On 22 April 2018 at 02:31, Steven D'Aprano <st...@pearwood.info> wrote:
> This is not entirely unprecedented in Python: it is analogous
> (although not identical) to binding default values to parameters:
>
>     def running_total(items, total=total):
>         # Here total is local to the function, but the default
>         # is taken from the surrounding scope.

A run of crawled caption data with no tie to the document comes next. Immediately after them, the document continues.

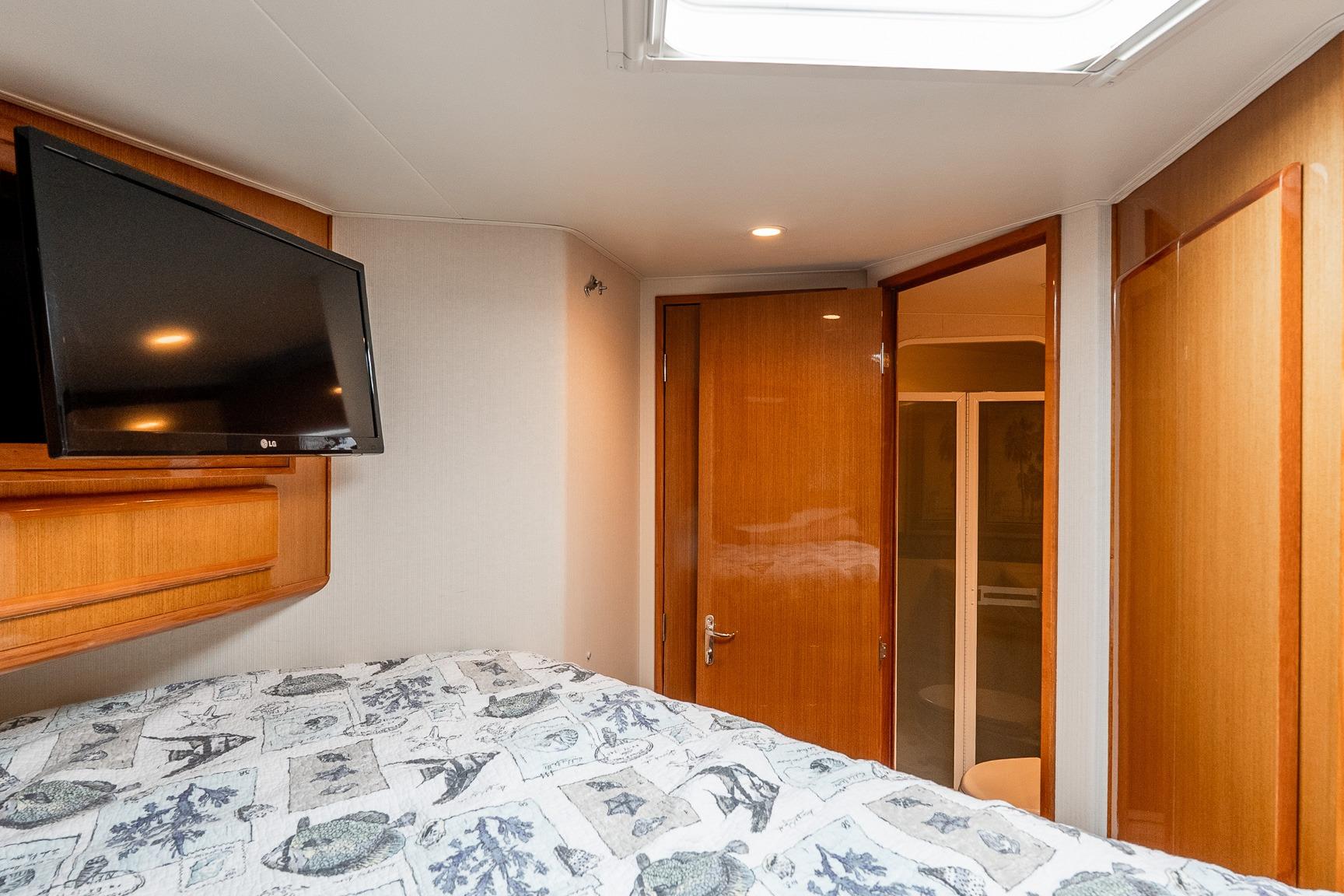 Interior of 2000 Viking 50' Convertible yacht bedroom with TV and wooden accents.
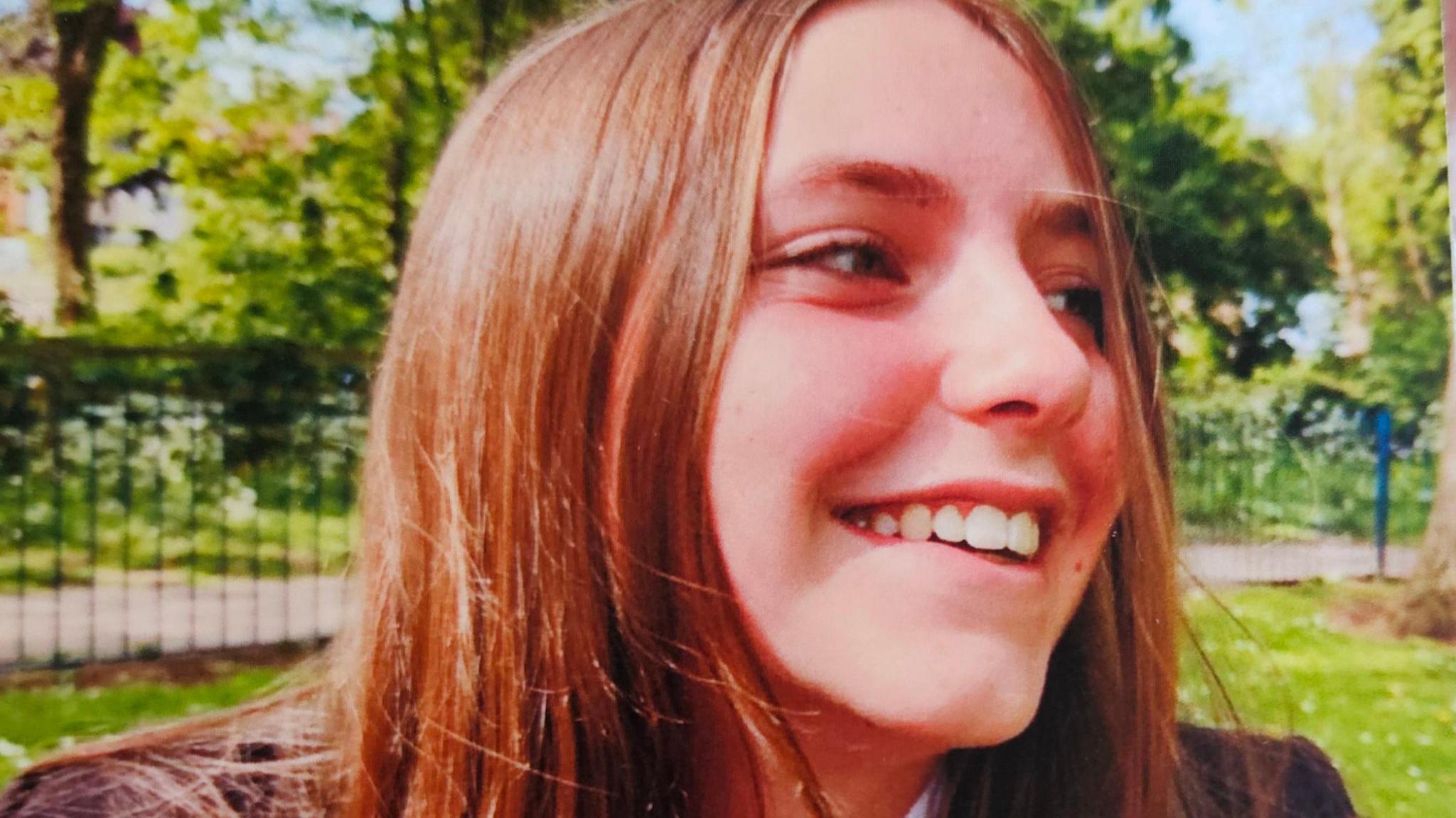 Chloe Longster wearing her high school uniform in a park. She is smiling and her head is turned to the side, she is looking to someone else out of frame to the side. She has long, straight brown hair and it is a sunny day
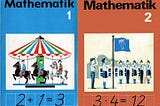 Covers of grade 1 and 2 math textbooks from the former GDR which include pictures of a carousel and of a roll call.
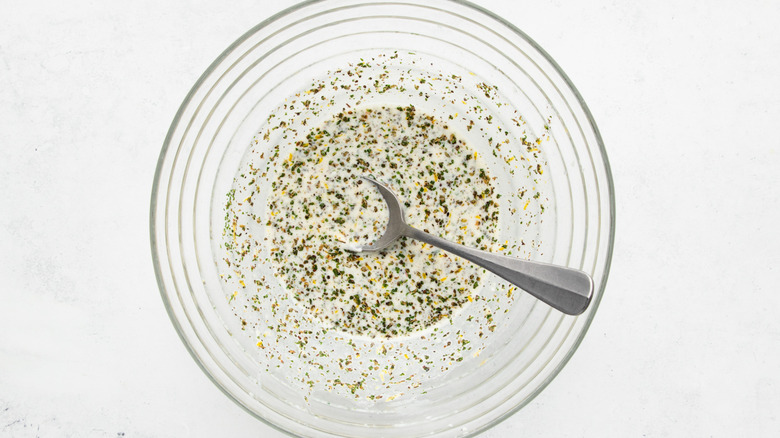 Lemon-herb marinade mixture on mixing bowl with spoon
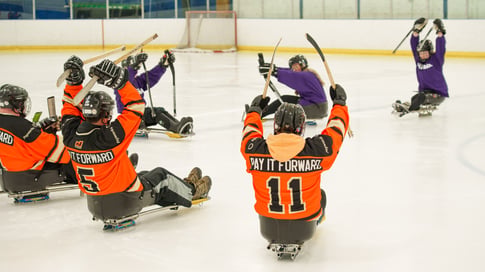Un groupe de personnes en chandail orange de Payworks devant un groupe de personnes en chandail violet de Manitoba Possible qui leur apprennent comment se propulser en hockey sur luge.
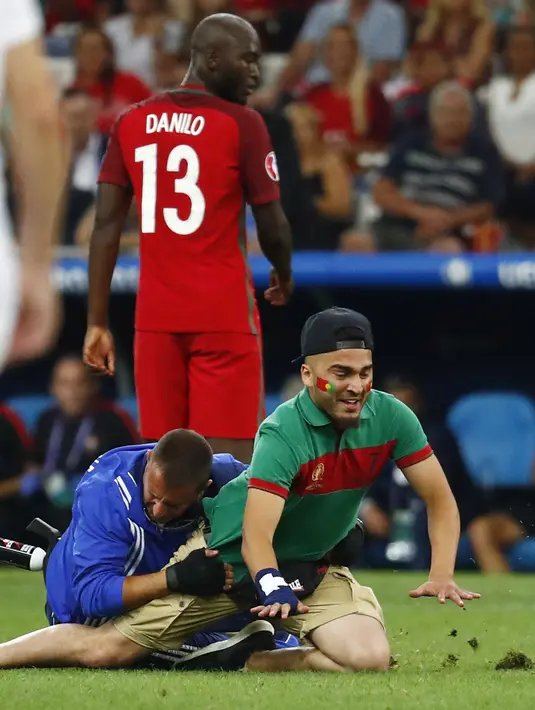 Suporter Portugal ditangkap petugas keamanan saat Portugal melawan Polandia pada perempat final Piala Eropa 2016 di Stade Velodrome, Marseille, (1/7/2016) dini hari WIB.  (REUTERS/Michael Dalder)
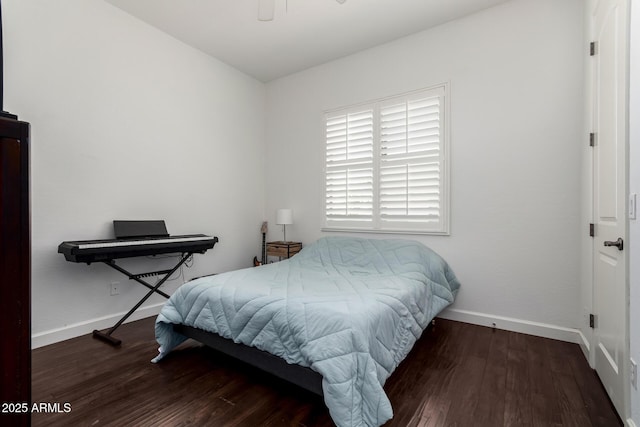 1804 W Magdalena Ln, Phoenix, AZ 85041 - bedroom with baseboards and wood finished floors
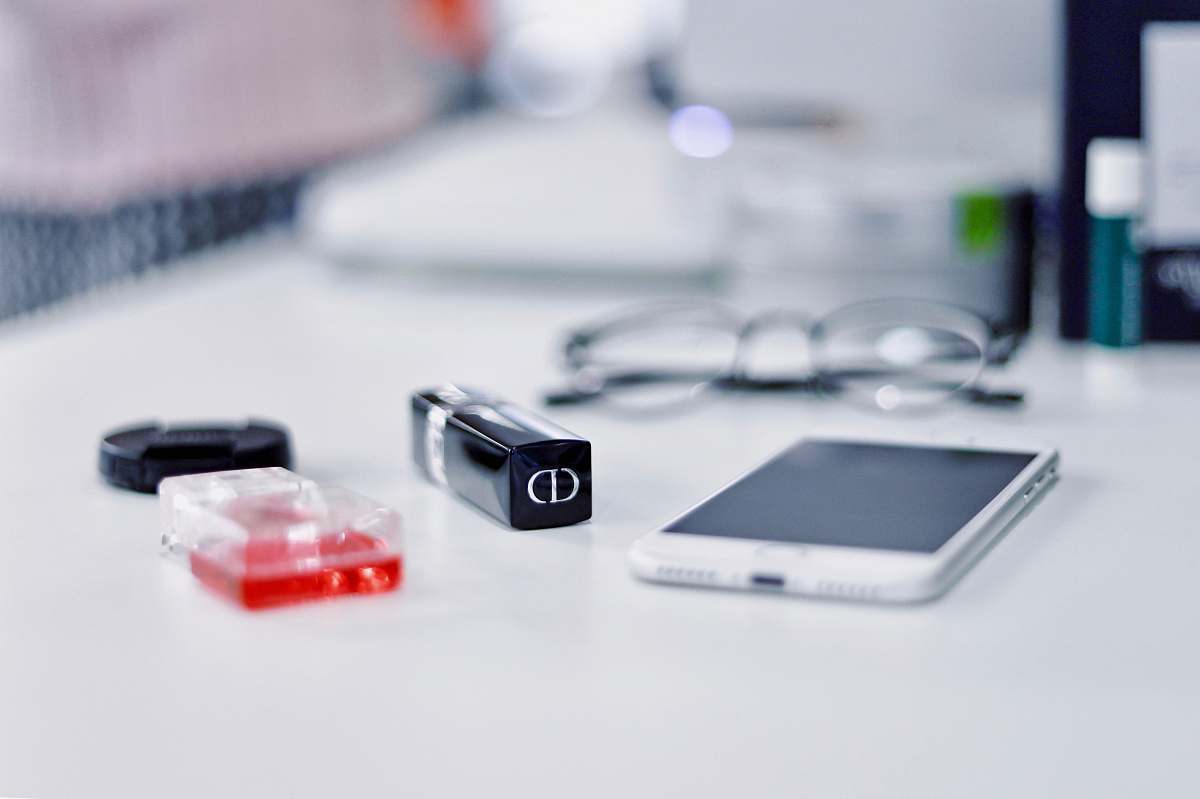 mobile phone white smartphone and black framed eyeglasses behind phone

The stronger precedent for "look up elsewhere until first use" is class scopes:

    >>> x = "global"
    >>> class C:
    ...     print(x)
    ...     x = "class attribute to be"
    ...     print(x)
    ...
    global
    class attribute to be

However, that has its own quirks, in that it ignores function scopes entirely:

    >>> def f():
    ...     x = "function local"
    ...     class C:
    ...         print(x)
    ...         x = "class attribute to be"
    ...         print(x)
    ...
    >>> f()
    global
    class attribute to be

Whereas if you don't rebind the name in the class body, the class
scope can see the function local as you'd expect:

    >>> def f2():
    ...     x = "function local"
    ...     class C:
    ...         print(x)
    ...
    >>> f2()
    function local

While I haven't explicitly researched the full history, my assumption
is that references from class scopes prior to a local name rebinding
are an edge case that https://www.python.org/dev/peps/pep-0227/ didn't
fully account for, so they retain their original pre-PEP-227
behaviour.

Cheers,
Nick.

P.S. It may be becoming clearer why the earlier iterations of PEP 572
proposed sublocal scoping semantics for the new name binding
expression: it not only gives greater differentiation from traditional
assignments and limits the potential for obviously unwanted side
effects like accidentally clobbering a name that's already in use, it
also sidesteps a lot of these quirky name resolution issues that arise
when you use full local name bindings.